----- RECORD EXCERPTS -----
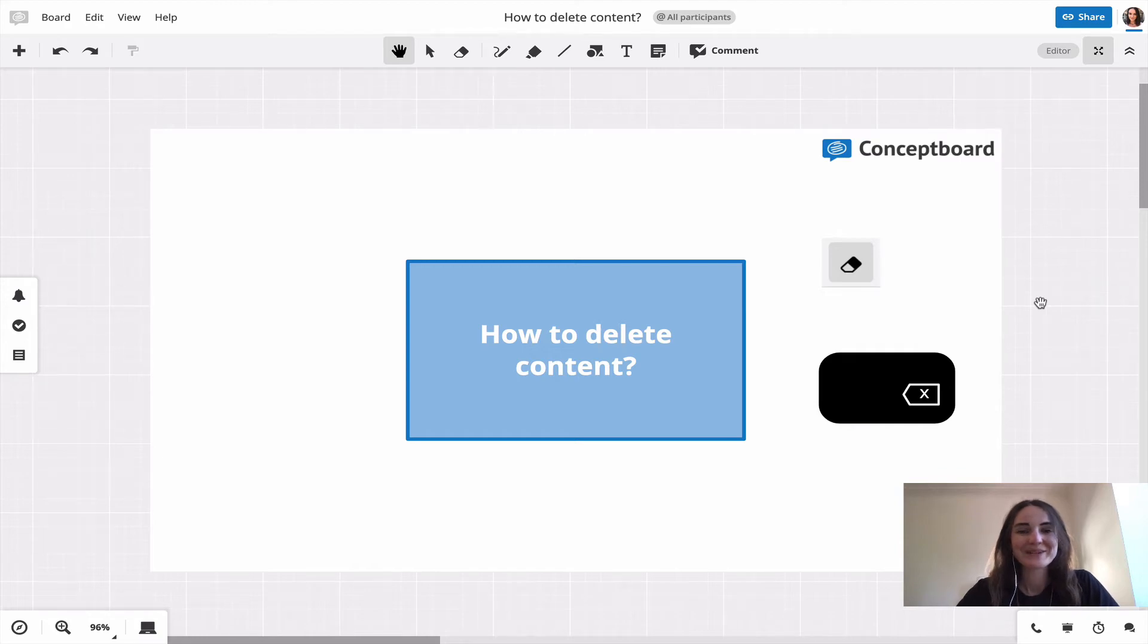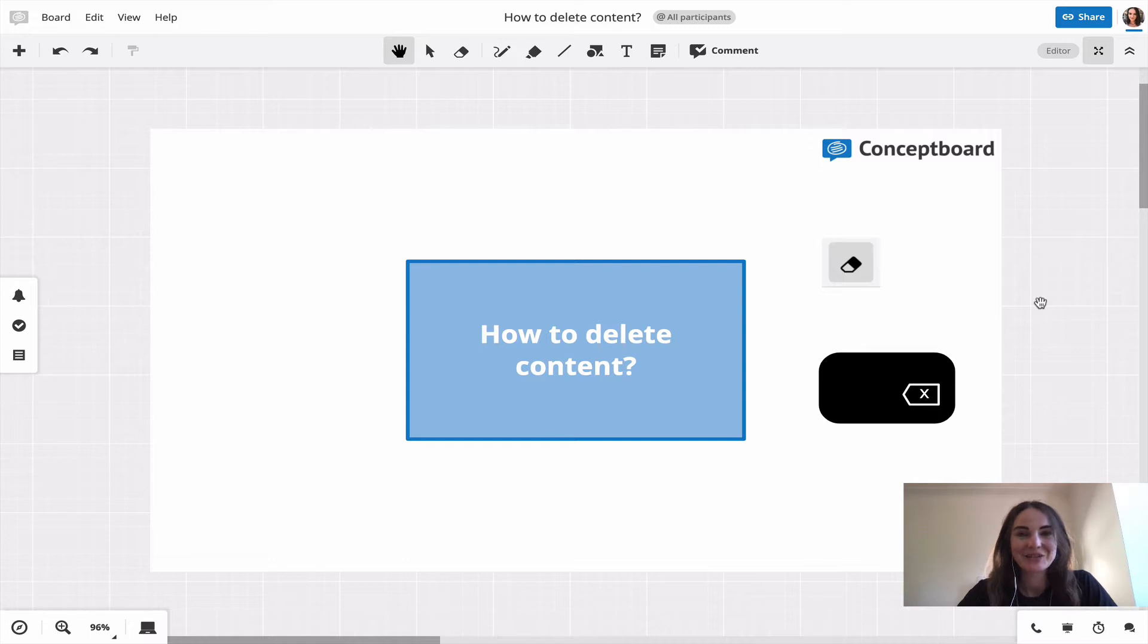Hello and welcome to a new episode of our Conceptboard tutorial series. Today we are quickly looking at how to delete content.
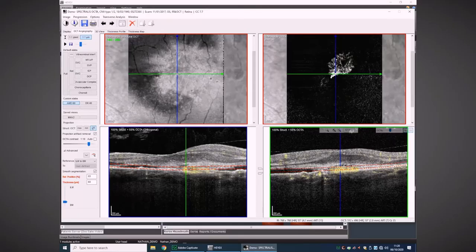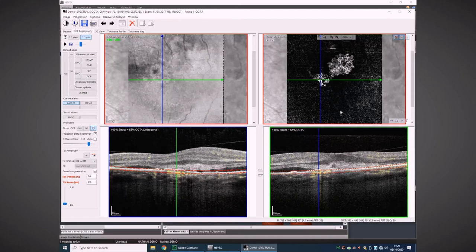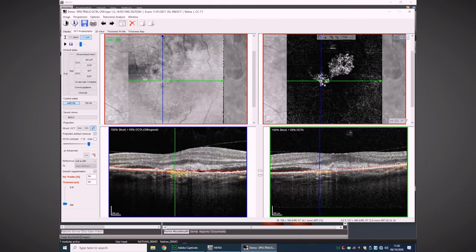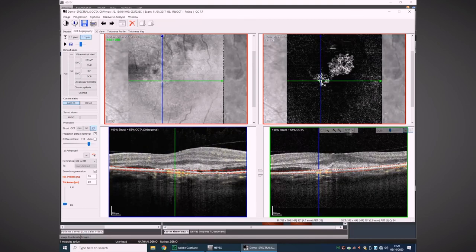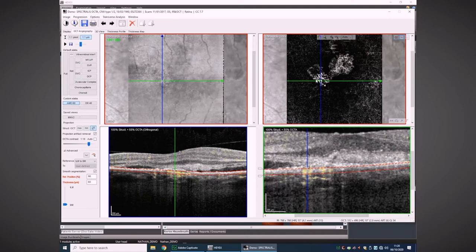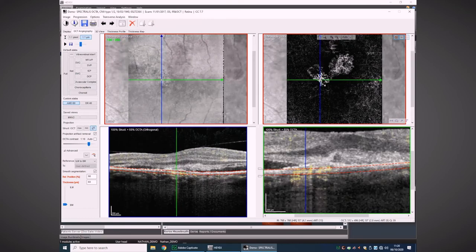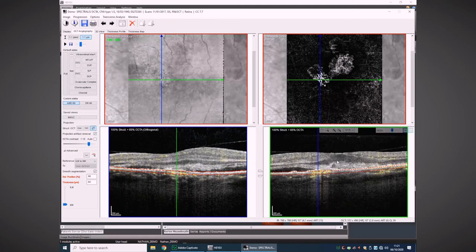Moving further down with our slab, we start to see a second area of flow, and if you look more closely and walk around it, you may consider this is possibly a type 1 — occurring below the level of the RPE, so an occult lesion. So we appear to have two types of lesion within the eye: a type 1 and a type 2. If you're really not sure, it's a very good idea to look three-dimensionally around the area to make your assessment.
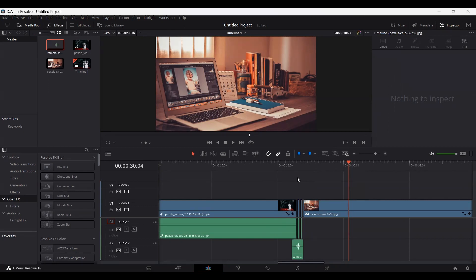So this is how you can add this transition effect in your videos to make them more interesting. I hope you like the video and I'll see you in the next one.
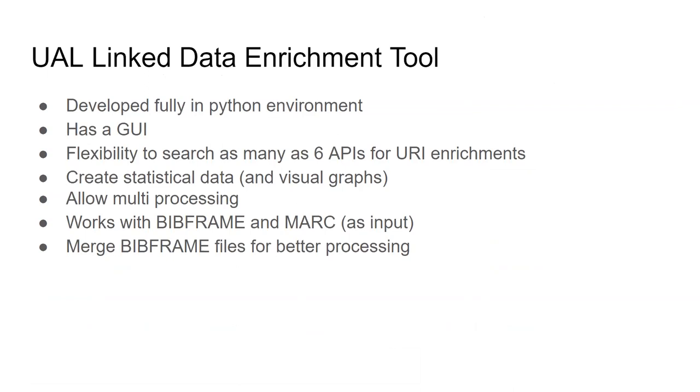and namely here we use a web development framework in Python, Django, and we create a user interface. And we also added the flexibility of choosing between APIs. So you don't have to search all the APIs, you can choose just one or two, whatever. And then we create some reports of your processes. Also, we added the ability to do multiple processing at the same time. Again, we had the bitframe and MARC as input, and also we kept the merging of bitframe files, so it would be easier to process.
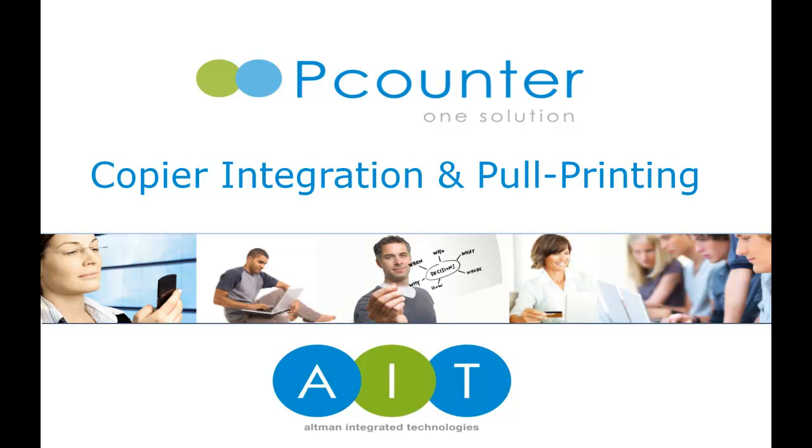The P-Counter print and copy management solutions continue to evolve at a rapid pace, with continual new developments extending capabilities beyond other solutions on the market. Today we're going to look at the different options to integrate copiers and deliver secure pool printing functionality.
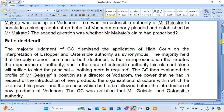The majority judgment of the Constitutional Court dismissed the application of the high court's interpretation of estoppel and ostensible authority as synonymous. The majority held that the only element common to both doctrines is the misrepresentation that creates the appearance of authority, and in the case of ostensible authority, this element alone will suffice to bind the principal — nothing more is required. The Constitutional Court then evaluated the profile of Mr. Geisel's position as director of Vodacom, the power that he had in respect of the introduction of new products, the organizational structure within which he exercised his power, and the process he had followed before introducing new products to Vodacom. The Constitutional Court was satisfied that Mr. Geisel had ostensible authority.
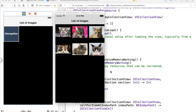This is video number two. In this video we will load a list of images from our service-side PHP script and populate our collection view with these images. So let's go back to our view controller and begin loading images from our service site.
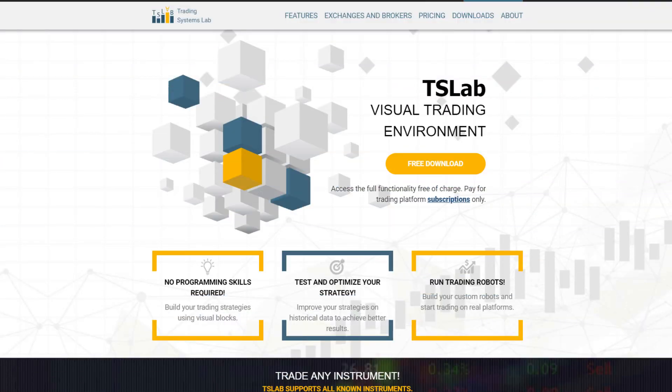We will introduce you to TSLAB, the only software you need for algorithmic trading — creating, backtesting and running your robot. The best part of it, you can start using it right now, for free.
-----
## WHAT YOU HAVE TO DO
Repeat exactly the stretch of the listing above that starts with the line holding "So this is how" and finishes with the line holding "and namely here", both included. Skip every picture.

## EXPECTED ANSWER
So this is how you can add this transition effect in your videos to make them more interesting. I hope you like the video and I'll see you in the next one.
and namely here we use a web development framework in Python, Django, and we create a user interface. And we also added the flexibility of choosing between APIs. So you don't have to search all the APIs, you can choose just one or two, whatever. And then we create some reports of your processes. Also, we added the ability to do multiple processing at the same time. Again, we had the bitframe and MARC as input, and also we kept the merging of bitframe files, so it would be easier to process.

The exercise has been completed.